You may have heard analysts or financial advisors touting the advantages of “passive income,” a model that allows you to make money without a substantial deal of ongoing effort. It sounds too good to be true, but is passive income really something the average person can accomplish? And if so, how can you do it?
The Perks of Passive Income
Passive income is powerful because it allows you to continue increasing your income stream without actively spending more time. If you have a full-time job, or if you’re just trying to keep your life simpler, this is an incalculable advantage.
Additionally, picking up additional sources of passive income is a good way to diversify your income streams. Having more diversity in your income will shield you against volatility and catastrophic losses, like what might occur if you lose your job or if a certain class of assets tanks in value.
Passive Income Sources
Before we dig into the logistics of passive income, let’s look at some of the most commonly cited examples of the financial strategy.

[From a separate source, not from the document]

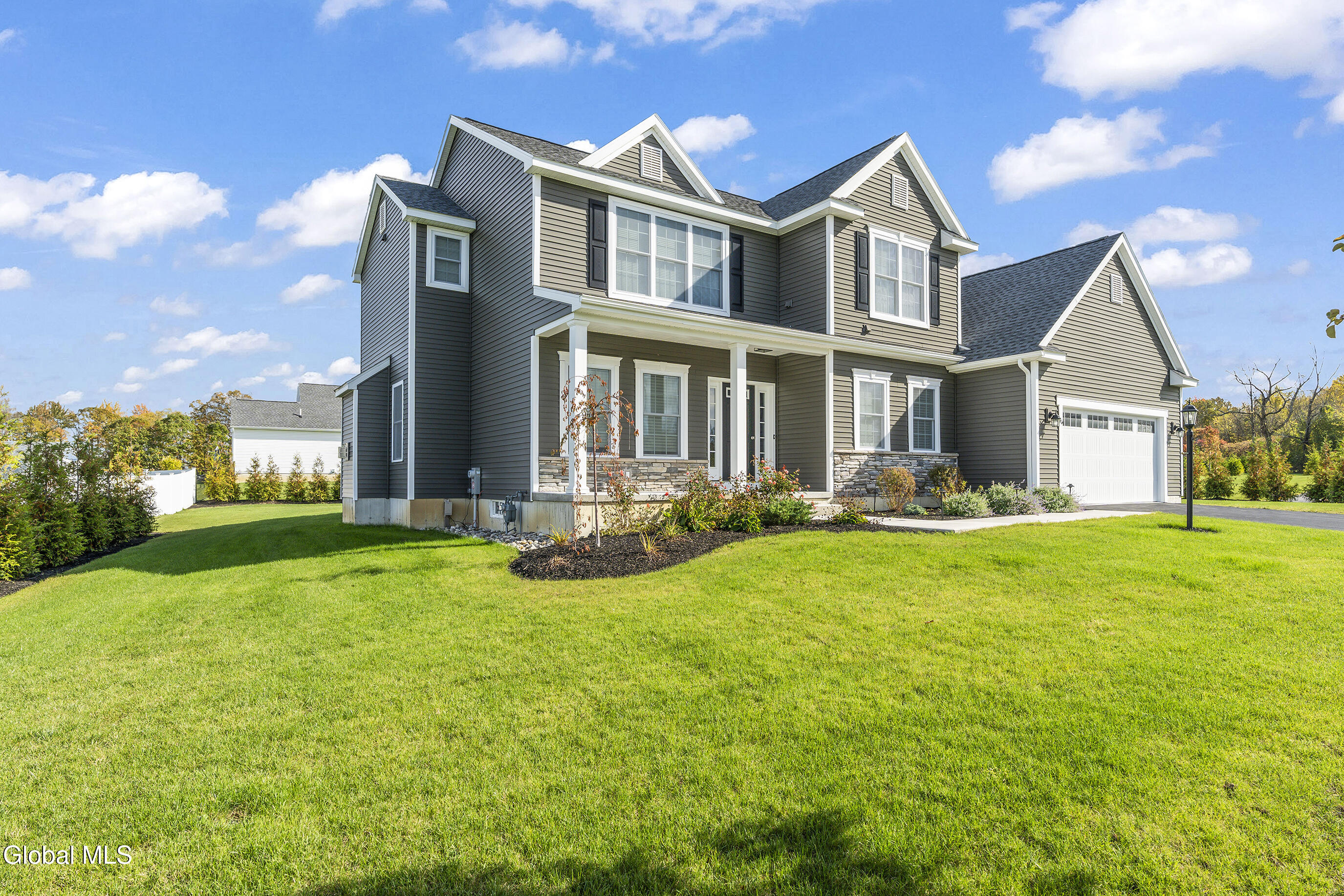 46 Mallory Way Ballston, NY 12019 - Photo 3 of 53 003-46-Mallory-Way-Ballston-Lake-NY-1201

If you invest in a rental property, you should be able to collect rent checks from your tenants that exceed the amount of money you pay per month in expenses. Assuming your tenants pay on time, you should be able to make a reasonable profit each month—all without needing to spend much time on keeping your property updated.
Many big U.S. companies offer dividends on a regular basis to shareholders, which serve as distributions of profit. For example, a company may pay a dividend of $0.50 per share, per quarter; if you own 1,000 shares of stock, this means you’ll earn $50 each quarter, just for being a shareholder.
Blogging (with affiliate marketing or advertising)
If you have a popular blog that attracts a fair amount of traffic, you can monetize that recurring traffic with the help of advertising or affiliate marketing. One big caveat here is that you’ll need to post new content regularly—but if you have other guest authors doing the work for you, you may be able to let it run on its own, like an idling engine.
If you drive a car regularly, you may also be able to capitalize on your visibility by selling advertising space on the vehicle. It may be challenging to find a buyer, but if you can, you’ll make money by going about your day normally.
The Weaknesses of Passive Income
As you can already see, even the most common and most appealing sources of passive income have some important caveats that prevent them from being truly hands-off.
First, you’ll notice that most of these passive income sources (and others) require a lot of upfront effort. Sure, you can make a significant sum of money with advertising if your blog gets thousands of monthly visitors, but growing a blog to get those thousands of consistent visitors can take months, if not years of effort. Similarly, it takes a lot of research to find a rental property worth your investment capital, and you’ll even need to do your due diligence before choosing dividend stocks.
Many passive income strategies require you to have the capital, to begin with. For example, if you want to buy a rental property, you may be able to get a loan, but you’ll still need to front a down payment. If you want to make a decent stream of income from dividends, you’ll need to own a lot of shares.
Even the most “passive” sources of income aren’t truly effort-free. If you’re managing a rental property, you’ll need to issue repairs, respond to tenant requests, and fill vacancies when you encounter them. If you’re running a blog, you’ll need to make periodic updates.
Most sources of passive income aren’t known for being lucrative on small scales. For example, most company dividends are in the range of 2 to 4 percent per year; even if you have $100,000 invested, that only amounts to $2,000 to $4,000 of annual income. A good rental property might only yield a few hundred dollars of profit per month. And more gimmicky strategies, like advertising on your car, might barely earn you enough money for an extra meal now and then.
The Bottom Line
So what’s the bottom line here? Passive income is a “real” concept, and a perfectly achievable one, even if you’re an average investor without much cash on hand. However, these aren’t get-rich-quick schemes, and passive income probably isn’t ever going to be completely passive.
That said, a collection of passive income sources can diversify your holdings, increase your total income volume, and ultimately set you up for a brighter financial future.